Follow Your Bliss

Follow Your Bliss

"To everything there is a season and a time for every purpose". Eccl 3.1

Friday 19 July 2013

Toile de Jouy

Toile de Jouy originated in France in the latter half of the 18th Century. Imported originally from the East before being manufactured in the town of Jouy, near Versailles in France. It is a beautiful, vibrant fabric, and is as popular today as it was in Louis XIV time in France.  I love the French “Indienne” collection of fabrics.  They are lively, colourful and joyful and Toile is one of my favourites. Some of the vintage or antique Toiles remind me of Marie Antoinette and Versailles with their royal, aristocratic rich red and blue backgrounds and colourful designs.  Toile is so wonderfully French.

These four photos are taken from Pinterest


My love of fabric gives me so much joy. My favourites are floral chintz and toile de jouy. I love a fabric that tells a story, just like the willow pattern china my mother had on her kitchen dresser.  Apologies while I digress, one of my jobs growing up, we all had them, was to regularly clean and wash our kitchen dresser and its beautiful delph.  A job I really enjoyed doing. I loved the sense of achievement at gleaming delph and rearranging it back on the dresser, to my Mother’s delight.  As a result, one of the first items of furniture I bought when first married was a kitchen dresser.  I love this humble piece of furniture and over the years enjoyed collecting china for it to add to my collection. I find that I can play with it for hours sometimes, to get it right.  It always reminds me of the poem we learned at school as children which read :
A dresser filled with shining delph,
Speckled and white and blue and brown
from Padraic Colum’s moving peom "An Old Woman of the Roads".
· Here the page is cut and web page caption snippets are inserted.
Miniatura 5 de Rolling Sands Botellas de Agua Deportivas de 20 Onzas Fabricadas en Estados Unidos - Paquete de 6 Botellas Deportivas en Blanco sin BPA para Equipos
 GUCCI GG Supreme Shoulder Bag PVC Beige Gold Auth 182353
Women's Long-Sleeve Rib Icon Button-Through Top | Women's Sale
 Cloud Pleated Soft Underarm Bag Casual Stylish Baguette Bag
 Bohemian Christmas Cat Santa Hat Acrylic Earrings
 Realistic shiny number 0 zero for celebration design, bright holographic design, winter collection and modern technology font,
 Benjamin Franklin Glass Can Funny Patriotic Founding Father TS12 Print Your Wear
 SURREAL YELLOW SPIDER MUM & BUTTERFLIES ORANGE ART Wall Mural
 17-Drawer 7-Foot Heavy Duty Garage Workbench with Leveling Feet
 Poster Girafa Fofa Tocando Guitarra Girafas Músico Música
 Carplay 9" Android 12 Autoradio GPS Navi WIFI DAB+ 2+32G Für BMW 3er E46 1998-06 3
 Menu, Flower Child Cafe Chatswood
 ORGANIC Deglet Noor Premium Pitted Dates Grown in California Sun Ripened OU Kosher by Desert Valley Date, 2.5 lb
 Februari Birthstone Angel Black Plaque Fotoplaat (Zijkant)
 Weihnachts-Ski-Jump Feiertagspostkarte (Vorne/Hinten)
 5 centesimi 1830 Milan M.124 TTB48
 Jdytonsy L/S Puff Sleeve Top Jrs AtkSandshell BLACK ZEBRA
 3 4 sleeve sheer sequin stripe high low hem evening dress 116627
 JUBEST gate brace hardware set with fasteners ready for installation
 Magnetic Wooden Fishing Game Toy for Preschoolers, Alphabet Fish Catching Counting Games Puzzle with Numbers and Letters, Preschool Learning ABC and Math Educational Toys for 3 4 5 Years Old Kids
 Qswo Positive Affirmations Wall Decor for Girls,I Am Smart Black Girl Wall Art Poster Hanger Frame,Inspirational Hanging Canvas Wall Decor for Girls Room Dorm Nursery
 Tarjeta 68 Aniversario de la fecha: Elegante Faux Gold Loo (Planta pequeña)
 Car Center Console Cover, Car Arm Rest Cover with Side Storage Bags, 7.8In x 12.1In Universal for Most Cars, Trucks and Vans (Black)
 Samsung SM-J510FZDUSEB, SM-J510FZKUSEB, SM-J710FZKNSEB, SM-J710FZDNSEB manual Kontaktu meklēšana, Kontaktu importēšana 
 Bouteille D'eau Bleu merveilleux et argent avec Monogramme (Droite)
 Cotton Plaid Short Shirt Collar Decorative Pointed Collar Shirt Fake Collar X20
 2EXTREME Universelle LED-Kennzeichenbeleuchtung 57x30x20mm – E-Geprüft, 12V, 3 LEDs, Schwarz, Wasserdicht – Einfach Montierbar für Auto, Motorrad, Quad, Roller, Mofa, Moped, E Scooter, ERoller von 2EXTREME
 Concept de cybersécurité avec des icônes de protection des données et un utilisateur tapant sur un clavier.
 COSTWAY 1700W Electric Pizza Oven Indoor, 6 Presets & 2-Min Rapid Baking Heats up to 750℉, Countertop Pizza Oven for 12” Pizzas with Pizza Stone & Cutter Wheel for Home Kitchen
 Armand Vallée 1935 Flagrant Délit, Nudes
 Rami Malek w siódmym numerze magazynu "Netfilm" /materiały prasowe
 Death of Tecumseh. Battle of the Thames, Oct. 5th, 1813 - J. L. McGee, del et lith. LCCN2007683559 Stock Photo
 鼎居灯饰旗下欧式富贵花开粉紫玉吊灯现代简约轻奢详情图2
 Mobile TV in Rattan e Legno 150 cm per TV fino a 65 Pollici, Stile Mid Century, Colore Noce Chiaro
While I am sure there is probably a willow pattern fabric out there somewhere and the willow pattern is so pretty.  I think I prefer Toile de Jouy.  Toile de Jouy is special and very inspiring. It is beautiful and colourful, with it’s busy story pattern, told in reds, blues, greens, browns etc, which we can all relate to.  It is used in material and wall coverings.  It depicts a story, sometimes a couple having a picnic beside a river, or maybe a shepherd with his sheep or a man serenading a young lady under a tree, no matter what they are, all the designs are lovely. 

I used a Laura Ashley Cherubs Toile in our bedroom about 10 years ago, although a busy wallpaper to look at on the roll, when up on the walls, it had a very gentle effect, partly because of it’s light pink colour, it was so lovely that I hated parting with it, but our bedroom walls had to be insulated, so down it came, much to my chagrin.


Toile has to be, in my opinion, the least boring wallpaper ever made.  Its appeal is universal.  I only have a little left on the walls of our ensuite, it is again a Laura Ashley blue toile wallpaper, it looks as fresh today as it did when I put we put it up nearly 10 years ago. I love toile de jouy so much, that I would love to put a little bit of it in red somewhere in the house, (maybe I’ll create a little alcove, there’s a thought, a little project for another day). 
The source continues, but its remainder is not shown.